Dataset records
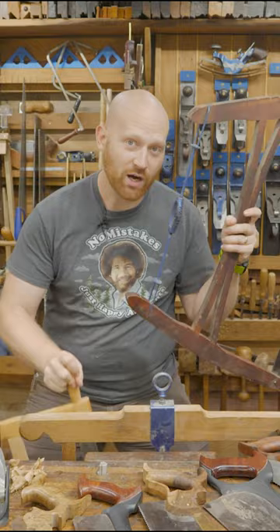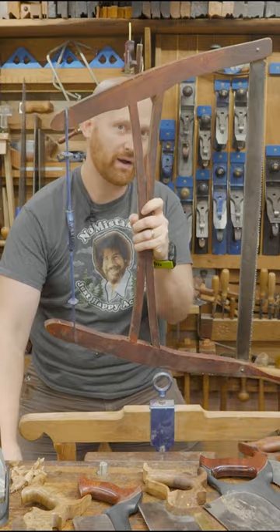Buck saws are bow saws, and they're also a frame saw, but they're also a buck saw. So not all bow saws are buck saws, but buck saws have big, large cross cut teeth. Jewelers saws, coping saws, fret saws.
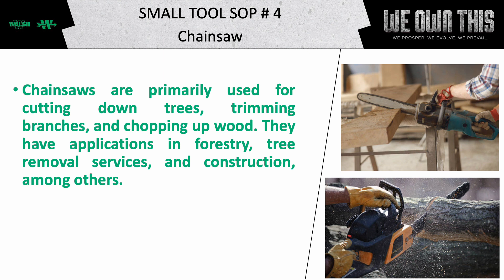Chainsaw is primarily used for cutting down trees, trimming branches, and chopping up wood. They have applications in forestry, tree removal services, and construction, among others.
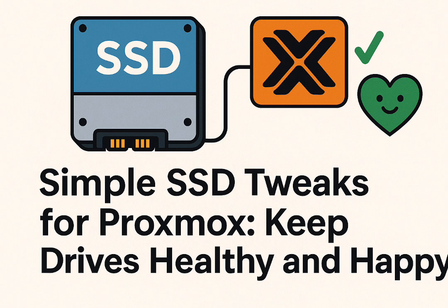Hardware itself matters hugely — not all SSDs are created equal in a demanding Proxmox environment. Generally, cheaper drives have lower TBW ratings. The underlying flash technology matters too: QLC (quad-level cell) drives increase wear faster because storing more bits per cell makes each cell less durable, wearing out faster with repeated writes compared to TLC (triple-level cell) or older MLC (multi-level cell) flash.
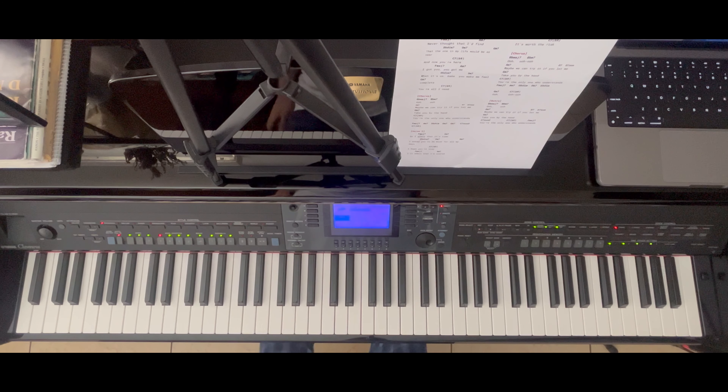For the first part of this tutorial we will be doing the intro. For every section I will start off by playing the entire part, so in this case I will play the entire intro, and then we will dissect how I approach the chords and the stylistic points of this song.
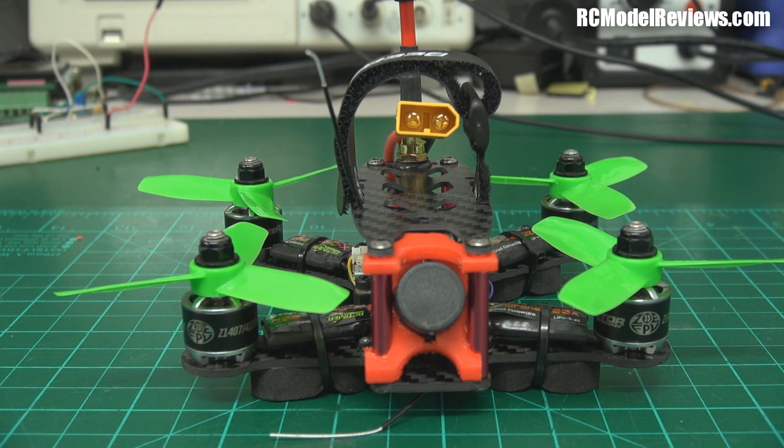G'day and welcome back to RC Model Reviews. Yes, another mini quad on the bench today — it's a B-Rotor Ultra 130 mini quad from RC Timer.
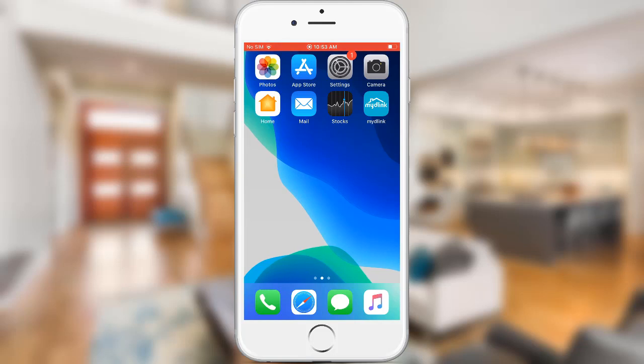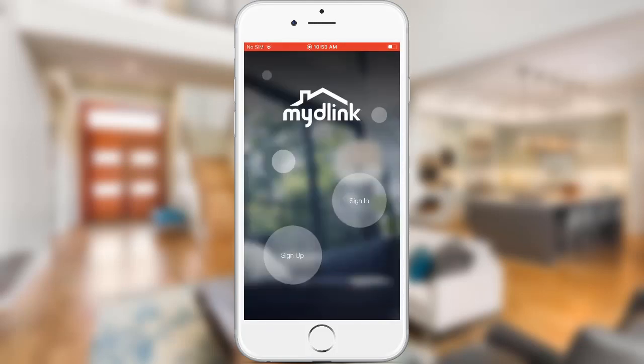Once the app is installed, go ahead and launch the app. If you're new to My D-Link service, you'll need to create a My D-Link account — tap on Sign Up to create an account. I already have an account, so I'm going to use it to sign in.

Problem requirements
Would it be possible to copy the material exactly, excluding the images?

Output of the task
Buck saws are bow saws, and they're also a frame saw, but they're also a buck saw. So not all bow saws are buck saws, but buck saws have big, large cross cut teeth. Jewelers saws, coping saws, fret saws.
Chainsaw is primarily used for cutting down trees, trimming branches, and chopping up wood. They have applications in forestry, tree removal services, and construction, among others.
Hardware itself matters hugely — not all SSDs are created equal in a demanding Proxmox environment. Generally, cheaper drives have lower TBW ratings. The underlying flash technology matters too: QLC (quad-level cell) drives increase wear faster because storing more bits per cell makes each cell less durable, wearing out faster with repeated writes compared to TLC (triple-level cell) or older MLC (multi-level cell) flash.
For the first part of this tutorial we will be doing the intro. For every section I will start off by playing the entire part, so in this case I will play the entire intro, and then we will dissect how I approach the chords and the stylistic points of this song.
G'day and welcome back to RC Model Reviews. Yes, another mini quad on the bench today — it's a B-Rotor Ultra 130 mini quad from RC Timer.
Once the app is installed, go ahead and launch the app. If you're new to My D-Link service, you'll need to create a My D-Link account — tap on Sign Up to create an account. I already have an account, so I'm going to use it to sign in.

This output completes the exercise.